There are many forces are work, but over time, the widening differential will likely give the dollar better traction.
This Great Graphic from Bloomberg shows two time series. The white line is the spread between the German two-year interest rate and the US two-year yield. The yellow line is the euro-dollar exchange rate. Two different scales are needed as when the times series are indexed; the relative volatility is such that the details cannot be observed.
The German discount to the US reached 152 bp today, which is a new high extreme since 2006. The pre-crisis peak was actually in 2005 near 185 bp. The chart covers the movement of both time series over the past year. Because of the optical illusion of making one chart with two times series and two scales, it may not be particularly robust analysis, but its cautions against putting too much emphasis on co-movement of the two. Nevertheless, the divergence is striking.
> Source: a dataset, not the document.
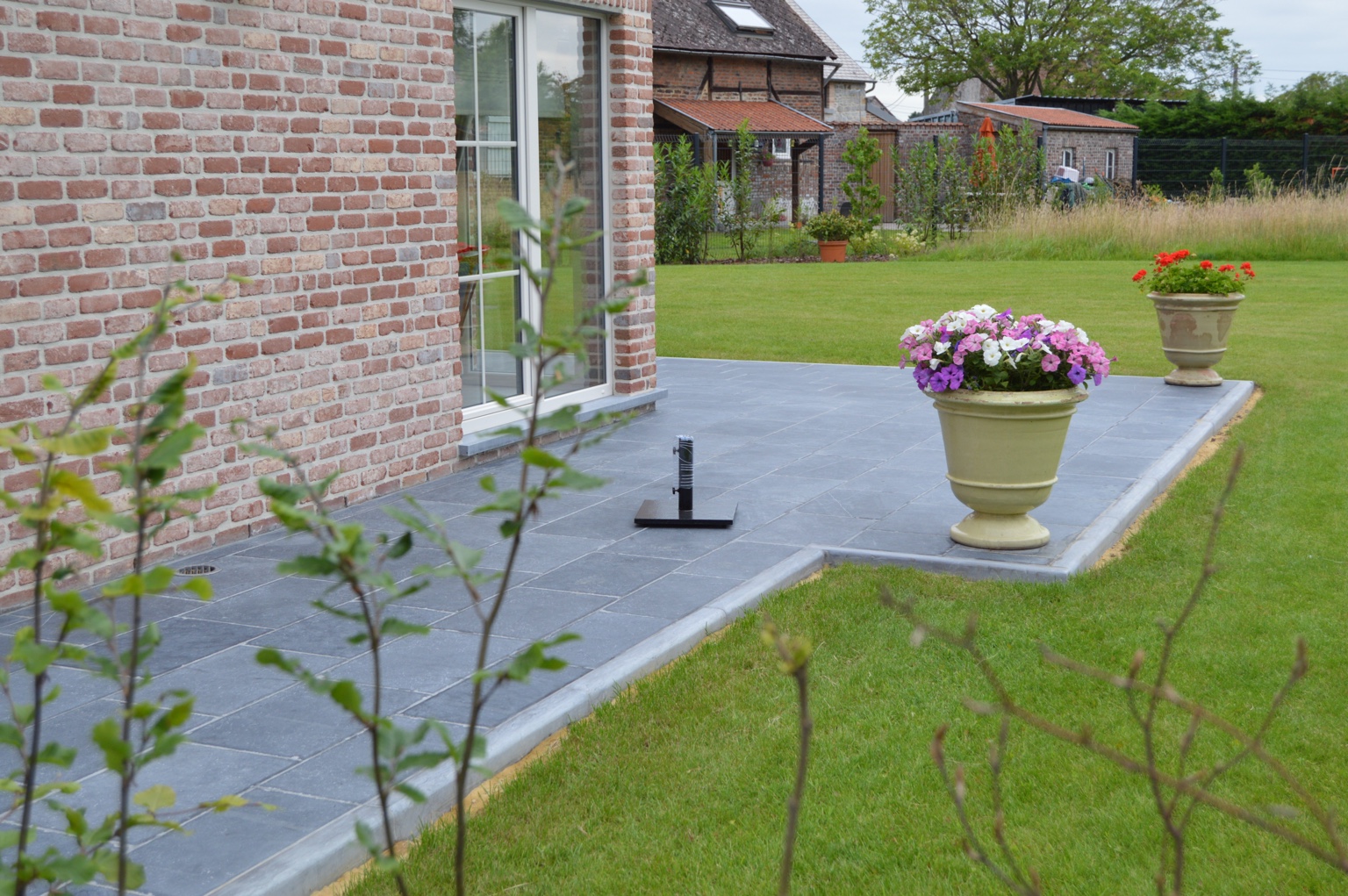 Terrasse en pierre naturelle aménagée autour d’une maison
Since the end of July, the euro has appreciated from below $1.10 to $1.12-$1.13. The two-year differential has widened to 152 bp from 125. There are many cross current flows and other distortions, like the cross-currency swap rate, which the BIS discussed here. Nevertheless, over time, the widening premium in the US favor will likely give the greenback better traction, though of course there is not a one-to-one correspondence between a particular interest rate level and a euro-dollar exchange rate. |
Germany-United States 2 year index |
After a very strong service sector ISM and better than expected factory/durable goods orders, and a meh of an ADP report, expectations for Fed policy have barely changed. Bloomberg says the odds of Nov hike increased to 23.6% from 21.4%. The CME’s calculation puts the odds at 16.6%, up from 14.5%. The odds of a December move have been pared to 50.2% (from 50.3%) for Bloomberg, while the CME puts it at 54.8% (from 55.1%).
Where we stand? We think there is a de minimis chance of a November hike. There is no precedent for a hike a week before a national election. This is one way how the Fed traditionally demonstrated its political neutrality. It would not change policy so close to an election. It does not mean that the Fed cannot do so, but it suggests that it would need a compelling reason to break from tradition.
Moreover, remember the corner the Fed has painted for itself. It will not change policy without a press conference. There is no press conference after the Nov meeting. A rate hike then does not only require a break from tradition, but it also requires a logistical challenge of having a last minute press conference without word leaking.
On the other hand, we think there is a strong chance of a hike in December and with the current odds, there is scope for investors to discount a greater likelihood. A strong jobs report is helpful, but before the December meeting, Fed officials will have two more reports. This week’s then may not be the trigger for a dramatic shift in expectations, barring a blowout report.